Please, could you help me?

Here is a phrase out form "Stolz und Vorurteil" :


*Wie kann ich ein solches Verhalten je wieder gut machen?*

Here is how I understand that:
Wie kann ich - How can I
ein solches Verhalten - such behavior
wieder - again
gut machen - to make good.

if I combine all that all I get :

_How can I make such behavior again good?_

Sounds bad.
Please, help me to translate that in a right way.
Thank you in advance.


----------



## JClaudeK

"wiedergutmachen" = einen Schaden/ ein Unrecht ausgleichen = to make up / repair / retrieve s.th.


----------



## Maranello_rosso

JClaudeK said:


> "wiedergutmachen" = einen Schaden/ ein Unrecht ausgleichen = to make up / repair / retrieve s.th.


Thank you.


----------



## Hutschi

JClaudeK said:


> to make up / repair / retrieve s.th.


In the given context it may work as metaphor.

But we have behaviour rather than damage. (This includes damage by behavior, of course.)

How can I ever make up for such behaviour?

"Je wieder" is here a kind of "ever".


----------



## Maranello_rosso

Hutschi said:


> In the given context it may work as metaphor.
> 
> But we have behaviour rather than damage. (This includes damage by behavior, of course.)
> 
> How can I ever make up for such behaviour?
> 
> "Je wieder" is here a kind of "ever".


Thank you.


----------



## elroy

JClaudeK said:


> "wiedergutmachen" = einen Schaden/ ein Unrecht ausgleichen = to make up / repair / retrieve s.th.


You can _make up for_ a loss / an injustice. 
“repair” is close but the meaning isn’t quite the same.
I can’t see how “retrieve” could fit, though.  Could you give an example?


----------



## JClaudeK

elroy said:


> Could you give an example?


_Du_ bist der Muttersprachler ..... , ich lasse Dir den Vortritt.


----------



## bearded

Im OP-Satz bedeutet ''Verhalten'' mMn schlechtes, fehlerhaftes Verhalten.
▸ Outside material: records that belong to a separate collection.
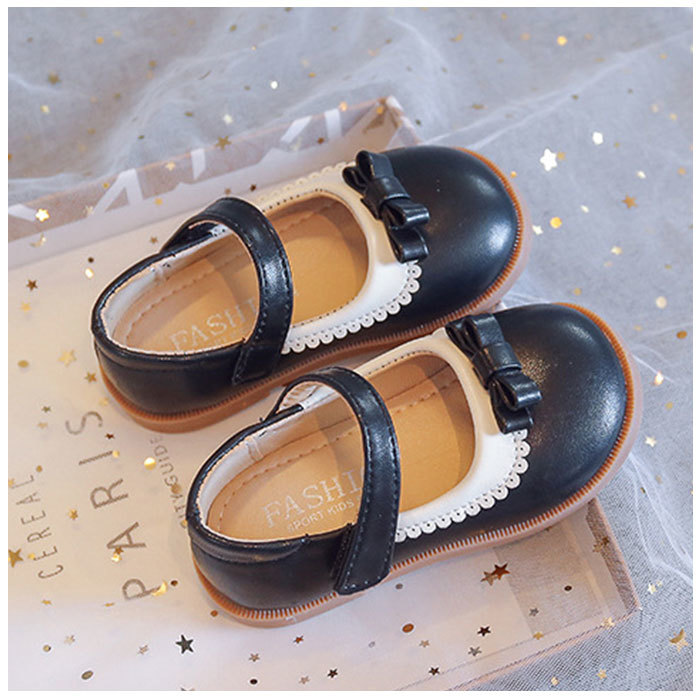 * белый * 28(16.8cm) * формальная обувь lyshoe2 формальный обувь Kids Loafer лента формальная обувь ребенок обувь обувь 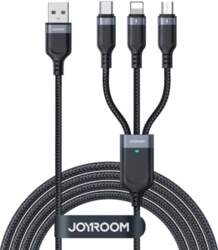 Multi C micro USB 30 cm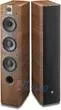 Напольная акустика Focal Chorus 726 Walnut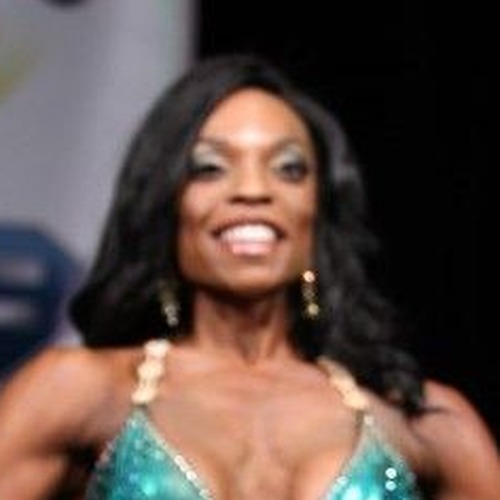 Constance Carlisle profile photo
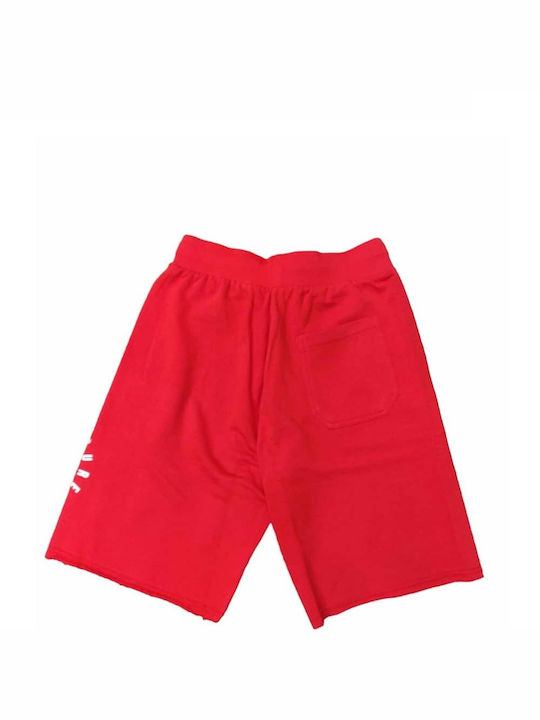 Men's Shorts BodyTalk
Nun finde ich im WR-Wörterbuch unter 'retrieve' u.a. (no. 5) die Definition/Übersetzung _Fehler wiedergutmachen. _Bei seinem Vorschlag hat sich JClaude vermutlich darauf bezogen.


----------



## berndf

bearded said:


> Im OP-Satz bedeutet ''Verhalten'' mMn schlechtes, fehlerhaftes Verhalten. Nun finde ich im WR-Wörterbuch unter 'retrieve' u.a. (no. 5) die Definition/Übersetzung _Fehler wiedergutmachen. _Bei seinem Vorschlag hat sich JClaude vermutlich darauf bezogen.


Yes, that is wierd. Meaning no 5 of _retrieve_ is _wiedergewinnen_. And that is correct but _wiedergewinnen _and_ wiedergutmachen_ do not mean the same thing. Their meanings are not even close.


----------



## bearded

berndf said:


> Their meanings are not even close.


True, but in the Merriam-Webster Dictionary there is a meaning no.6 of  _retrieve = remedy the evil consequences of..
Definition of RETRIEVE_


----------



## manfy

bearded said:


> True, but in the Merriam-Webster Dictionary there is a meaning no.6 of  _retrieve = remedy the evil consequences of..
> Definition of RETRIEVE_


 I changed my preferred English online dictionary to Lexico. It shows multiple example sentences for every definition of the word and that I find much more helpful than the mere verbal explanation that most other dictionaries use:
<Lexico - retrieve>


> 3   *Put right or improve (an unwelcome situation)*
> 
> _‘he made one last desperate attempt to retrieve the situation’_


Personally, I'm unfamiliar with that usage. I might be able to guess that meaning in the right context, but none of the examples given sound "everyday".

It seems this is BE only. If you click on 'UK dictionary' and change to 'US dictionary', you don't find this definition at all!


----------



## bearded

manfy said:


> If you click on 'UK dictionary' and change to 'US dictionary', you don't find this definition at all!


My (poor) English tends to be on the UK side..


----------



## manfy

You should switch to intE (international English = mix and match as needed) like I did. Then you always have an excuse for every mistake...


----------



## bearded




----------



## berndf

manfy said:


> _‘he made one last desperate attempt to retrieve the situation’_
> 
> 
> 
> Personally, I'm unfamiliar with that usage. I might be able to guess that meaning in the right context, but none of the examples given sound "everyday".
Click to expand...

In that example _retrieve_ means to _correct/rectify/improve/repair_ an unwanted situation. And _correct_ is also the synonym given by Webster.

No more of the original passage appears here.